【急募】兄を敵(ヴィラン)にしない方法【リメイク】 作:風人雷震
「ぐっ…ぐうぅ〜〜!!」
「上鳴、どしたの?」
「瓶の蓋が開かねぇ!」
「ありゃりゃ…おーい!最後に閉めたの誰〜!?」
「あ、悪りぃ!俺だ!!」
「切島だってさ」
「気を付けろよ!俺、ジャムパン食べるつもりだったのにぃ!!」
上鳴が少し可哀想だな。上鳴の横から瓶を取り、蓋を回す。
「悪りぃ悪りぃ。開けるから許してくれ」
「よっ!」
よし、開いた。
「はい」
「……え?」
「?開いたぞ?」
「あ…はい。ありがとうございます…」
なぜ敬語?
「血塗ちゃん、握力いくつ?」
「46」
「「「「「?!!!」」」」」
「強いな」
「一般的な女性と比べればな。母には敵わないよ」
母は素手でリンゴを潰せるからな。母直伝の包丁を使わないリンゴジャムを作れない私はまだ未熟だ。
「そうなのか?」
「ああ。私の容姿は母似だが、力まではそうじゃなくてな…これからも鍛錬を重ねて、母に少しでも近づきたいんだ!」
「頼む血塗それだけはやめてくれ」
「兄さん?」
「確かにお袋と血塗は似ているが根本的なモノが違うんだ。
「今ステイン先生、母親のことゴリラって言ったな」
「血塗に頭を握り潰されるのは本望ではあるんだがソレはソレとしてお袋に憧れてるという事実が嫌だ」
「握り潰されるのは本望なんだ」
「分かる」
「障子?」
母に憧れるのをやめろと何度も言ってくる兄さんに呆れる。母含め、祖母や曽祖母など、赤黒家の女は強い。それは腕力や影響力など様々だ。母は腕力が強い。そしてそんな女と結婚をする男は大抵尻に敷かれてる。
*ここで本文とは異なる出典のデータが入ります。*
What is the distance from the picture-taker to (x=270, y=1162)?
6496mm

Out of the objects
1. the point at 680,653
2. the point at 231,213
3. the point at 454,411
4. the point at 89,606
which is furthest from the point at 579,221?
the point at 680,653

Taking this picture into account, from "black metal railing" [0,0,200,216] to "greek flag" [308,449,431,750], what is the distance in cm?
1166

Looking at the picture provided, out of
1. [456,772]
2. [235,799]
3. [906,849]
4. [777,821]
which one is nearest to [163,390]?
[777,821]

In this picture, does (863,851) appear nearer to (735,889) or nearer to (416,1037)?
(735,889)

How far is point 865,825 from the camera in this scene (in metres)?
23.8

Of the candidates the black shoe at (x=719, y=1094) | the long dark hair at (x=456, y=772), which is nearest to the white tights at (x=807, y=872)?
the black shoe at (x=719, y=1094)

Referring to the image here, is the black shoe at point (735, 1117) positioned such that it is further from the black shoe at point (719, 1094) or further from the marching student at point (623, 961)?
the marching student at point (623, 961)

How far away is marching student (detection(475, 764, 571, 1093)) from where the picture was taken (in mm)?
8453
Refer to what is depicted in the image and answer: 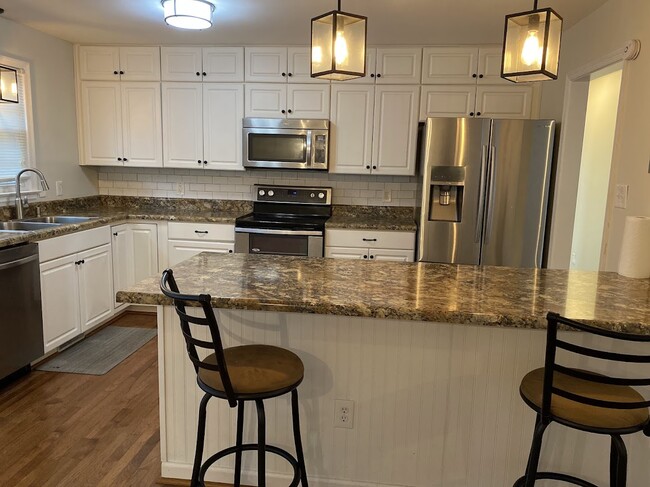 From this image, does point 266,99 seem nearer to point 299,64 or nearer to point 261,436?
point 299,64

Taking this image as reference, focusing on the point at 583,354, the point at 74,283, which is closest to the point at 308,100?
the point at 74,283

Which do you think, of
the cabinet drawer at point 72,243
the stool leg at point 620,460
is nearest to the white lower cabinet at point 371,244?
the cabinet drawer at point 72,243

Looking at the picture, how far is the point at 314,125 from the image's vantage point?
4.06 m

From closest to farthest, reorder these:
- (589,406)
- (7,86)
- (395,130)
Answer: (589,406), (7,86), (395,130)

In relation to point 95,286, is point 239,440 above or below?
below

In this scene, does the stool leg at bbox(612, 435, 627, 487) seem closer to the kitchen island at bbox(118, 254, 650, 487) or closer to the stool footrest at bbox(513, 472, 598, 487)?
the stool footrest at bbox(513, 472, 598, 487)

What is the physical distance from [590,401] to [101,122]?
4.35 m

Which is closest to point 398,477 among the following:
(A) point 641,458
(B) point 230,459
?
(B) point 230,459

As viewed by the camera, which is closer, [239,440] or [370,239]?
[239,440]

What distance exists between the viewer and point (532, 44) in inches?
65.3

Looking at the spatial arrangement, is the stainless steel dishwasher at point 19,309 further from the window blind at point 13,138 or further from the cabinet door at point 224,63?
the cabinet door at point 224,63

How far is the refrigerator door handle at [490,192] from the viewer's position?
3518mm

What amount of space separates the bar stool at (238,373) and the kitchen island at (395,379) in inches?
7.2

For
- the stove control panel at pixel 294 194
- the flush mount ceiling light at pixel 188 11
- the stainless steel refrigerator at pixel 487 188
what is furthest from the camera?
the stove control panel at pixel 294 194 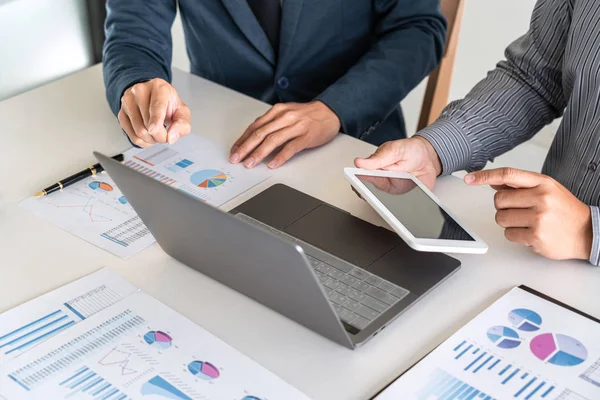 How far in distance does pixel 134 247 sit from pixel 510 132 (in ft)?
2.14

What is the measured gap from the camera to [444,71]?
1.61 metres

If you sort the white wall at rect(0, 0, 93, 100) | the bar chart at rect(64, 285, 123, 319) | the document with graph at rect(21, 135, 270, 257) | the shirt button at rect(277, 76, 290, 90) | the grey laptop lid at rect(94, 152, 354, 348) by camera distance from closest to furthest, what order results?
the grey laptop lid at rect(94, 152, 354, 348) → the bar chart at rect(64, 285, 123, 319) → the document with graph at rect(21, 135, 270, 257) → the shirt button at rect(277, 76, 290, 90) → the white wall at rect(0, 0, 93, 100)

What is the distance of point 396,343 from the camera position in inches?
31.4

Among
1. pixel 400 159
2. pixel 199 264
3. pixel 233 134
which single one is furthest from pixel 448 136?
pixel 199 264

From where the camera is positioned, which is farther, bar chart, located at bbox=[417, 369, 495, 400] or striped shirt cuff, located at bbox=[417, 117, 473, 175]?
striped shirt cuff, located at bbox=[417, 117, 473, 175]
祖父は常に祖母と取っ組み合いをしてるから例外とする。
「せめてリンゴは握り潰したい」
「スチール缶で我慢してくれ」
「えー…」
「リンゴは俺が握り潰せるから頼む」
「……分かった」
「ステイン先生リンゴ握り潰せるんだ」
「よく峰田生きてたな」
「ステイン先生に感謝しなよ」
峰田がめっちゃ震えてる。残像見えてきたんだけど。
「あ、そう言えば兄さん」
「なんだ」
「家に連絡してる?母が怒ってたよ」
「……親父にはしてる」
「母にもしてあげなよ…」
ツンデレというか…反抗的というか…
「赤黒」
「なんだ?障子」
「俺は胡桃を割ることができる」
「そうか凄いな」
兄さんと張り合わないでくれ。話がややこしくなるから。
「血塗ちゃんって筋トレ好きなの?」
「好きというか…血流の改善になるからやってるだけだ」
「相変わらずの個性関係!!」
「じゃあさ、嫌いなものとか、苦手なものってある?」
「………ある」
「え?!なになに?!!」
「教えて!教えて!!」
「嫌だ」
「えー!!ケチー!」
「ステイン先生は知ってます?」
「知ってるが…俺も言わんぞ」
私が1番苦手とするものは、赤黒家一同苦手とするもので…血液関係の個性故に気を付けなければいけないのだ。